Wednesday, July 31, 2013

Primitive CTs: Simple & Pure

Primitive is in. It has an allure all its own.
     Many CTs are primitive. Some are very old; others come from rural parishes where the elders had to make do. Primitive typically means handcrafted with makeshift tools. As such, they were made, one at a time, with an awkward pair of hands. As collectors, we like this.
     Primitive CTs are as charming as they are mystifying. Unadorned, simple CTs are all about meeting a need: they were expedient. A token was needed, and so they were made with whatever tools were handy. Personally, I think CTs made this way have a purity all their own. And remember, the parishioners valued them for what they signified, not by what they looked like.
     So how do we define primitive? A good start is to consider the small molded bits of lead with one or two letters stamped upon them. Many parishes used a simple one or two letter design in the old days, so we have many to choose from. Looking at Burzinski, we can find CTs like this starting with every letter of the alphabet -- all of them incuse of course -- except for Q, X & Z. Laid on a table, they would resemble a Scrabble set. 
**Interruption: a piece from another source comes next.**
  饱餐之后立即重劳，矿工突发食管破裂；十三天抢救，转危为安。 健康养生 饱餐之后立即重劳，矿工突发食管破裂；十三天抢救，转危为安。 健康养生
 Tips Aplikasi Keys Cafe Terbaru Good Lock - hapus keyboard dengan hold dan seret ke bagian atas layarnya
     Most often, the letters represent the name of the parish. The first letter would suffice, but sometimes the first two letters or the first and last letters of the parish were used. But many early pieces have only the minister's initials on them. In the latter case, the minister was able to take his CTs with him when he was called elsewhere.
The CT from Bolton is primitive, but
it does have two letters for the parish
and a K on the reverse for the Kirk.
It is a small rectangle at 14x11mm,
and each one of them is different.
     Consider the token from Bolton in East Lothian (BK123). We would be hard-pressed to find another token that is more primitive. Well, maybe a blank one. And of course, do not forget the Canadian and American series, there are many primitive tokens therein. But I digress, so back to Bolton.
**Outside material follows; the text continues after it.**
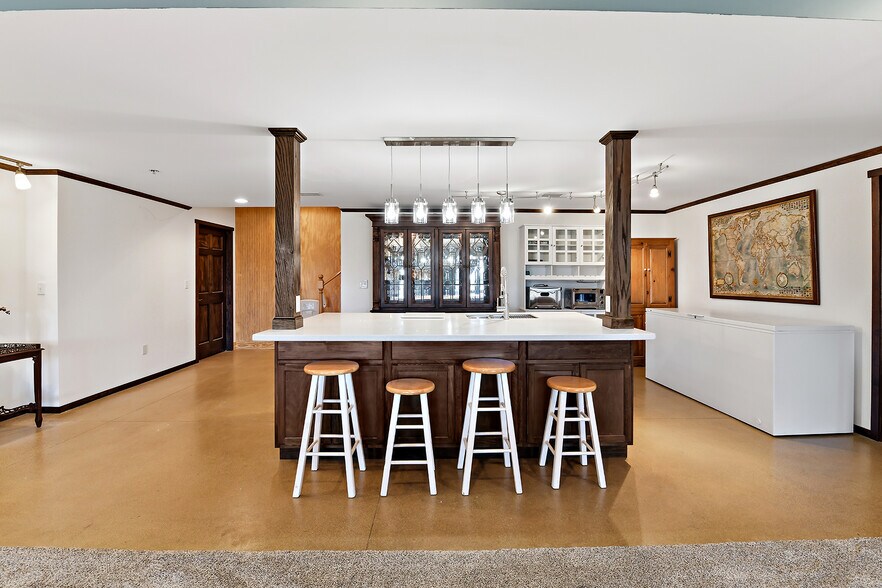 More Photos Of 32846 Block Rd, Paola Specialty For Sale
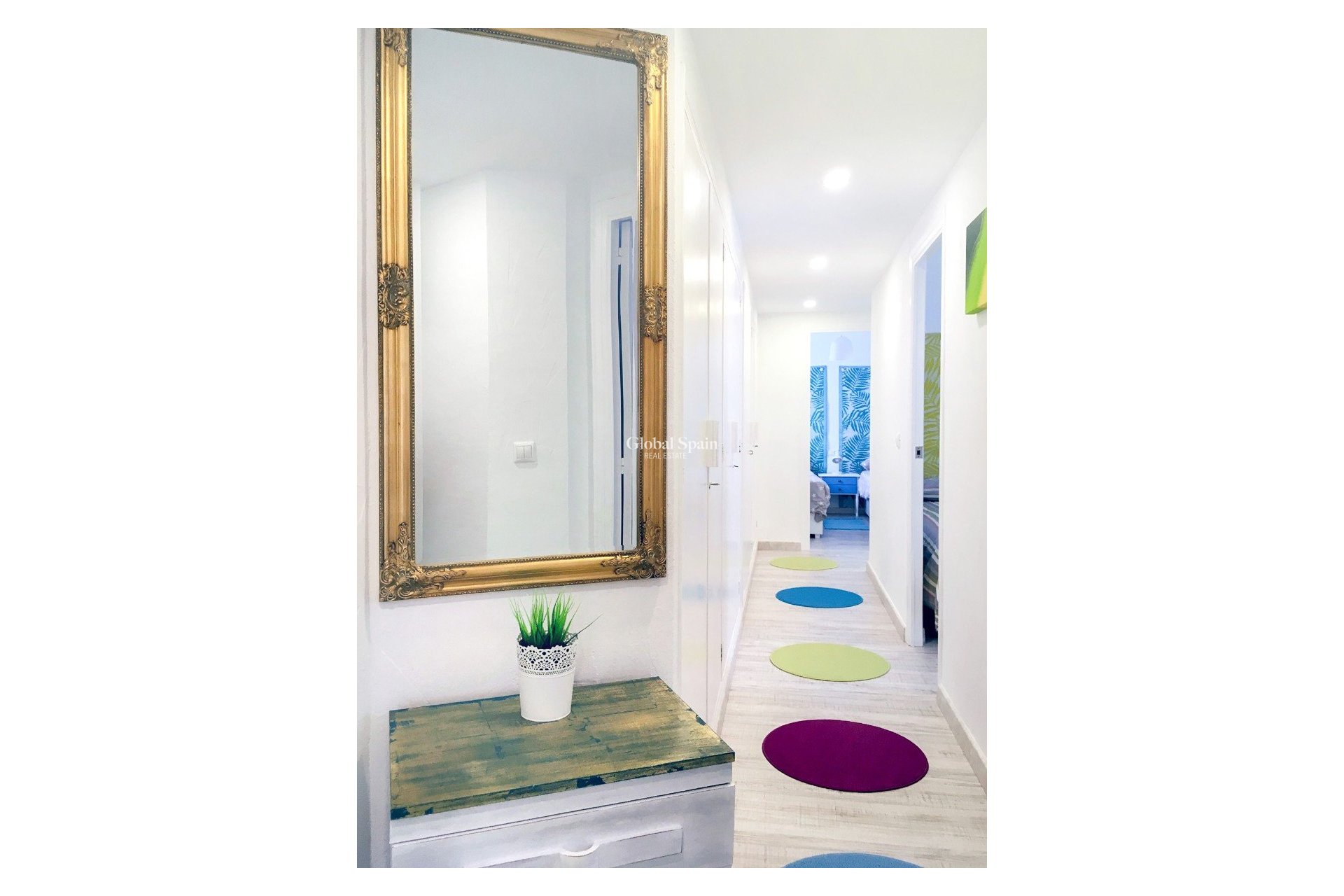 Resale - APARTMENT -
ALICANTE - Mercado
     This rude little rectangle has obviously been shaped by inexpert hands. Bits like this make me wonder if several of the elders made it. Just imagine: pious men cutting molds and shaping the punches for the letters. It was serious business. Each token has to be accounted for.
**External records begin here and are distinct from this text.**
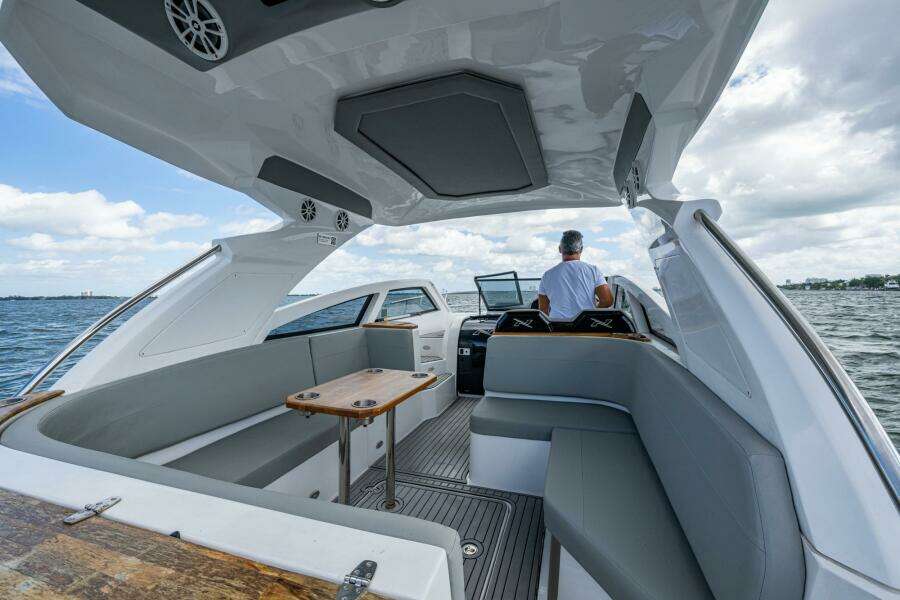 XURU 34ft NX Boats Yacht For Sale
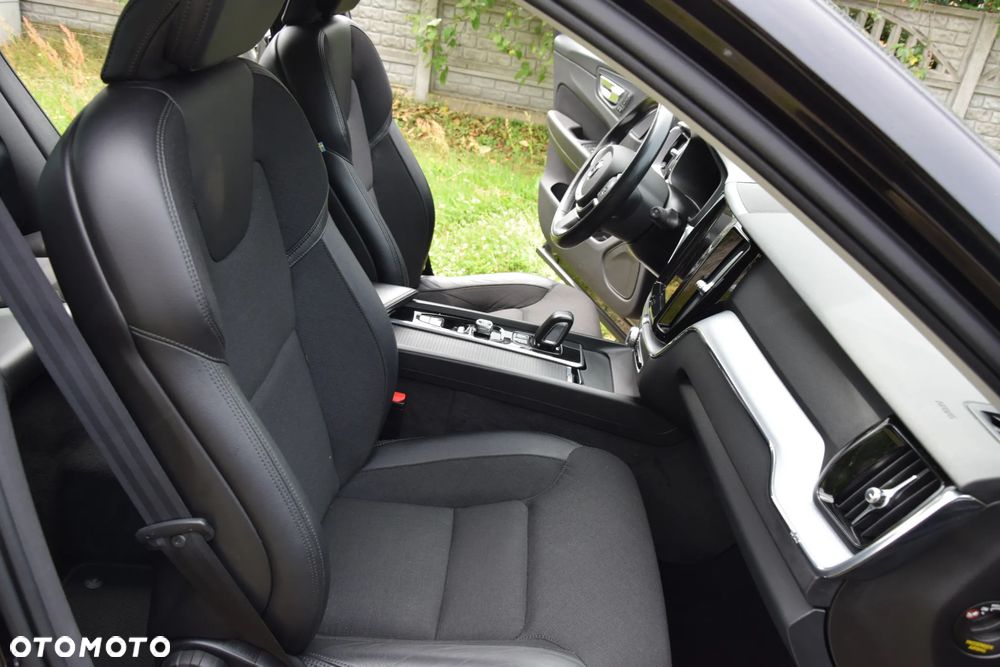 Volvo XC 60 B4 D AWD Geartronic Momentum Pro - 26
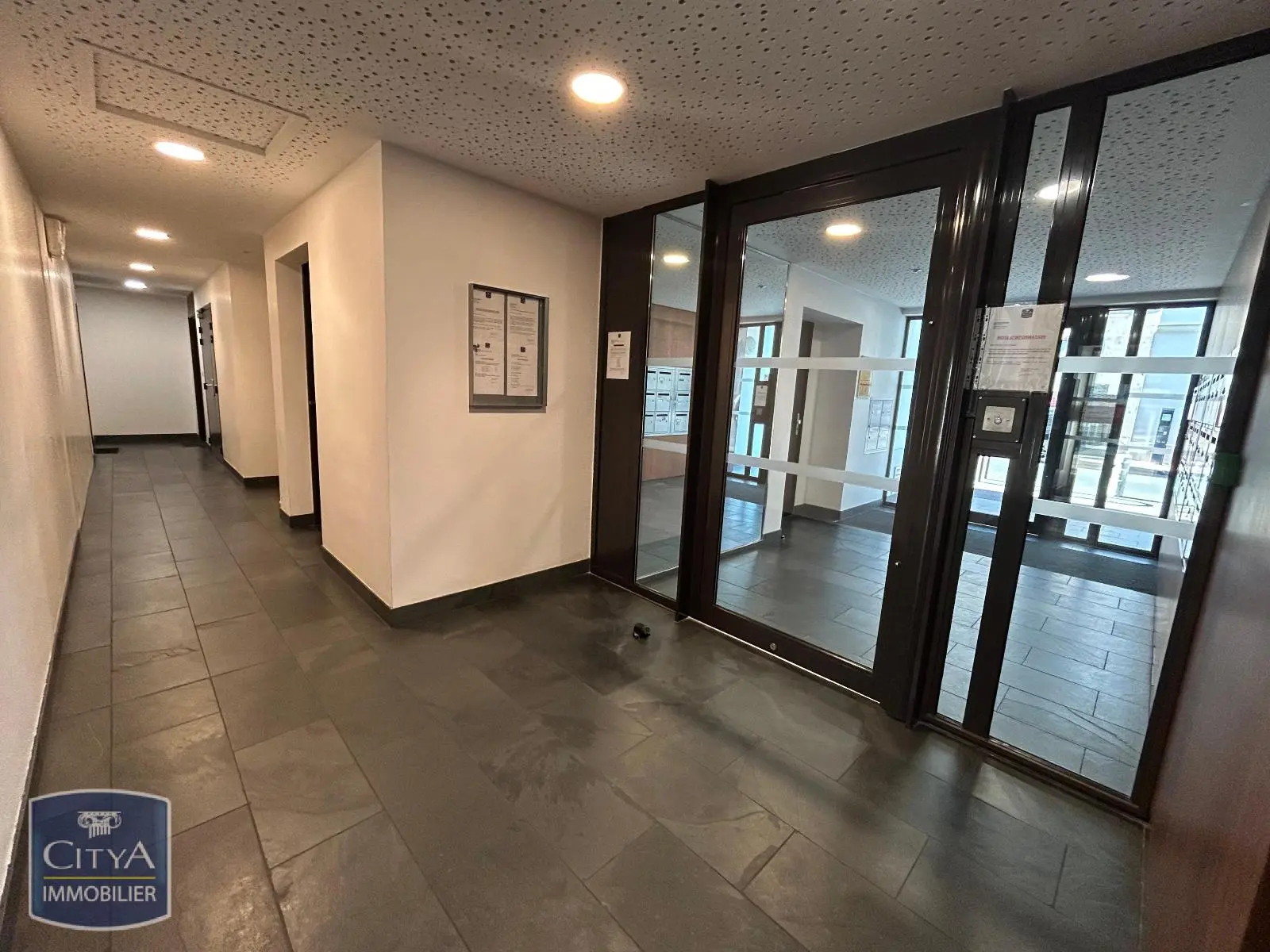 Photo 10 Appartement 1 pièce 23.46m²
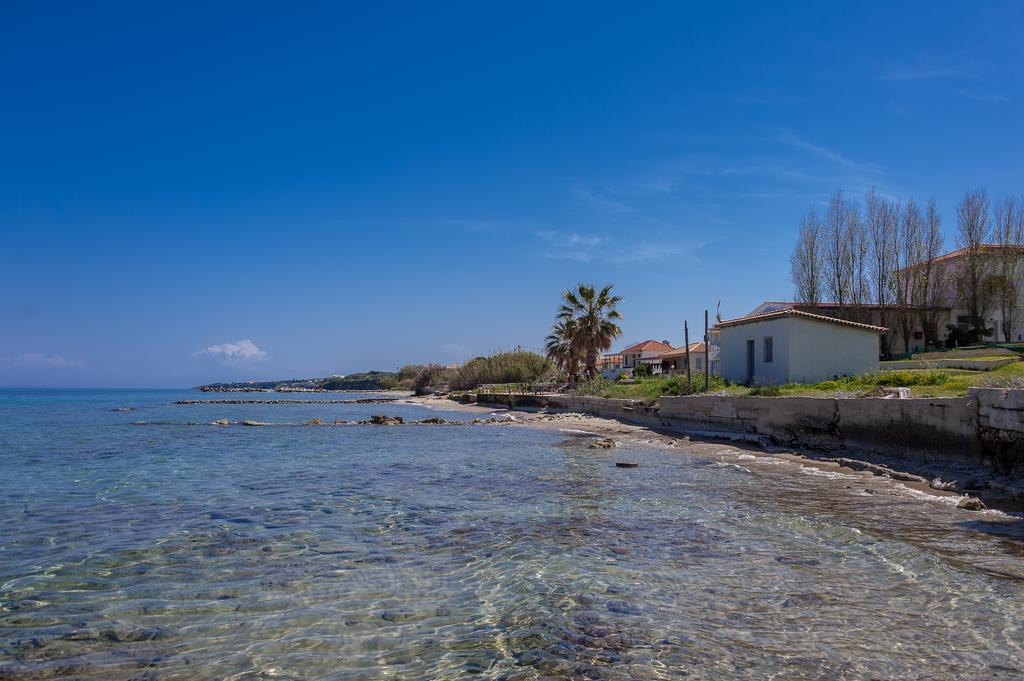 Villa Yakinthi Amoudi Exterior foto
     Did they use some implement lying at the bottom of a wheelwright's chest to make the letters? It looks as if a single circle punch was used, as the center circles (the doughnut holes, if you will) are all of similar size. But then, how did they make the upright of the B? There are many questions to ponder.
     Fortunately in this case, we may have an answer. Or part of an answer. The specimen pictured came from an old collection in Scotland. The note accompanying this piece states that it was acquired from the Haddington Presbytery collection, and that it was "made by ministers."
     Bolton has always been a small village, but it had a church dating back to 1240. A new church was built in 1809. It was an imposing Gothic structure designed to sit about 300 parishioners. And so we wonder: when was this primitive token used? It most likely was used in the old church, as the token is considered to be an eighteenth century piece. After all, it is included in Brook. If it is from the late 1700s, how many were made? Less than 300?
     I think less. And fewer than that survived. And here I am -- an ocean away -- holding one in my palm and contemplating it. How cool is that?